Rebecca Byrne

Poking Holes in the 2005 Profit Picture

 

If past is prologue, corporate profits could show little or no growth in 2005.

While few analysts have espoused this view, history shows that it could happen if economic growth decelerates as expected and profit margins decline from peak levels.

Official forecasts put earnings growth at 10.6% next year, down from about 19% growth in 2004, according to Thomson First Call. But the conditions for a much softer number could be in place.

Economists surveyed in the Blue Chip Economic Indicators newsletter recently predicted that gross domestic product would slow to around 3.5% next year from 4.4% this year, as consumer spending moderates amid higher interest rates.

Meanwhile, many analysts say very strong profit margins are unsustainable.

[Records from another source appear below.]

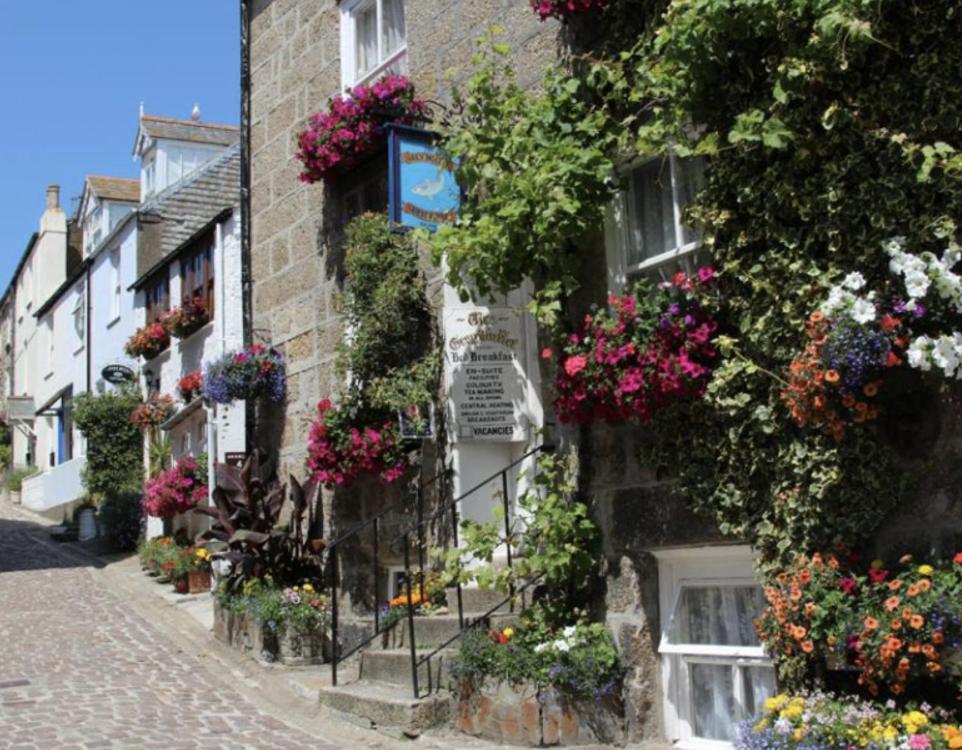 Grey Mullet Guest House St Ives  Exterior photo
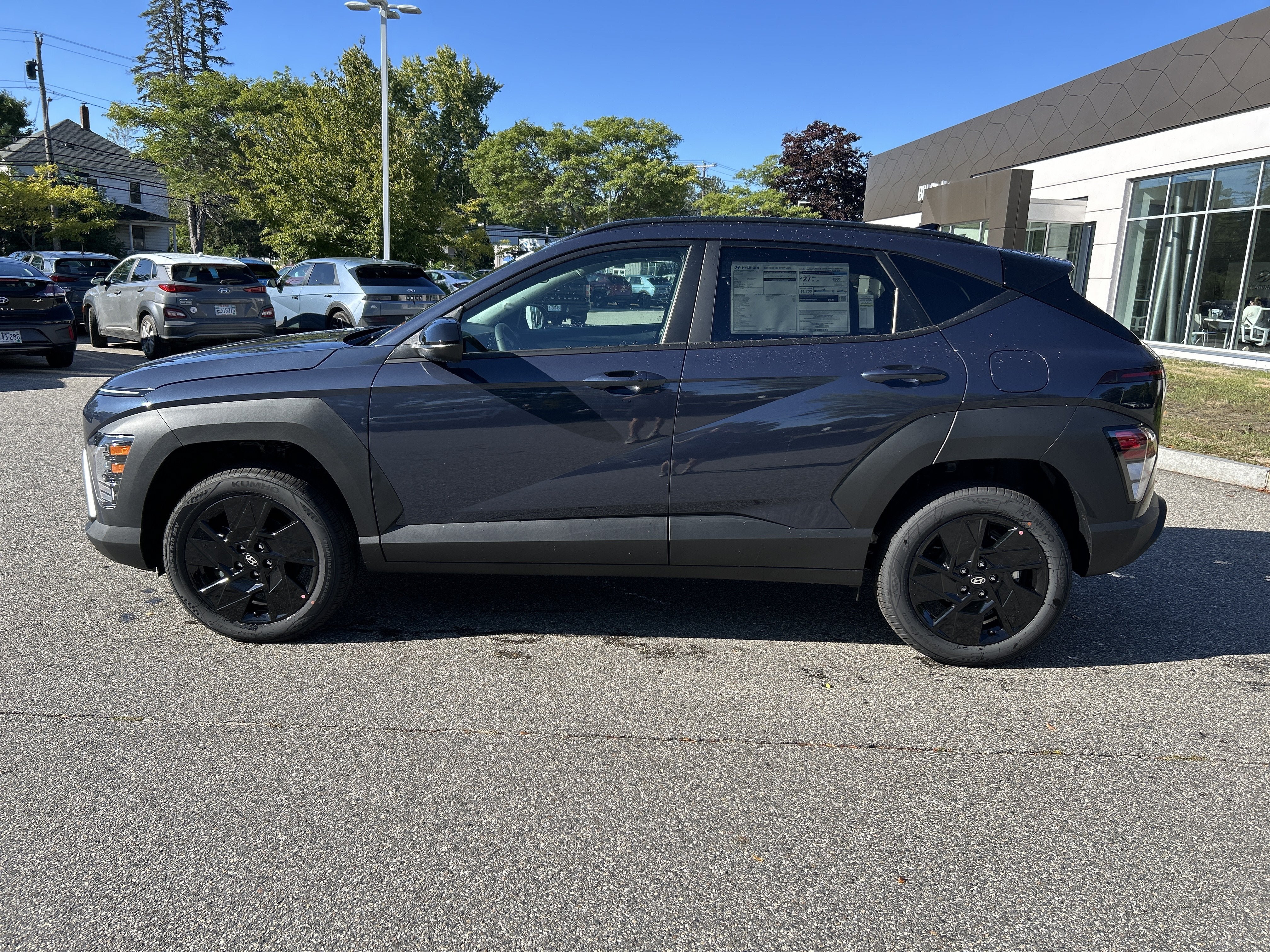 New 2027 Hyundai Kona SEL Sport AWD/4WD image 2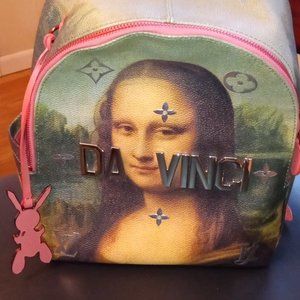 "Louis Vuitton Paris Made in France"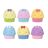 Disney hercegnõk mini cupcake meglepetés hercegnõ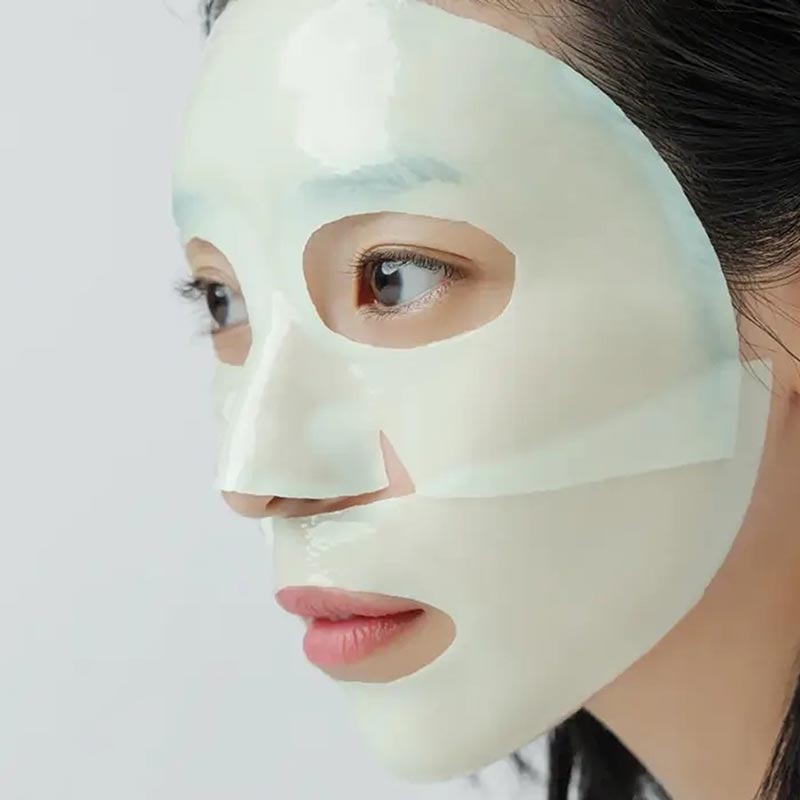 Колагенова шийт гел маска за лице ABIB Collagen Gel Mask Heartleaf Jelly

Pretax profits as a percentage of gross domestic product, adjusted for inventories and capital consumption, were sitting at 10.1% in the second quarter, up from a low of 7% in the third quarter of 2001 and above the 35-year average of 8.4%. (Because tax rates change over time, pretax margins allow for more accurate comparisons.)

"The level is very high by historical standards and the run-up over the past three years is rare," said Ron Wexler, an economist at Merrill Lynch.

If a deceleration in profit margins and a slowdown in the economy were to coalesce next year, the implications for earnings could be profound. Whenever these two events have coincided in the past, profit growth tended to flatten out or even decline.

In 1989, for example, real economic growth slowed to 3.5% from 4.1% and margins slipped to 7.8% from 8.5% the year before. As a result, pretax profits fell 1.4% after growing 17.3% in the previous year. Data from Merrill show similar results on six other occasions over the past 50 years.